What the task asks: The answer should hold only the lines from the one containing "Sor: Selected Works" through the one containing "Access your SensDesk data over SNMP" in the entries below, copied exactly, without pictures.

Source data:
━━━━━━━━━━━━━━━━
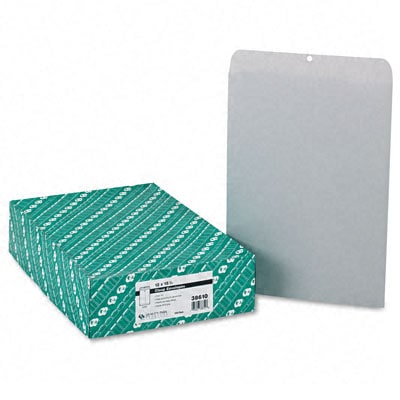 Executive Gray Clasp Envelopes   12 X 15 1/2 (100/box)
━━━━━━━━━━━━━━━━
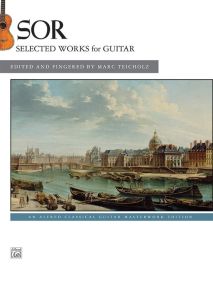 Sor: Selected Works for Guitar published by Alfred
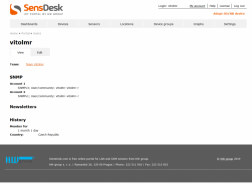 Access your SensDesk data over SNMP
━━━━━━━━━━━━━━━━
Your response:
 Sor: Selected Works for Guitar published by Alfred
 Access your SensDesk data over SNMP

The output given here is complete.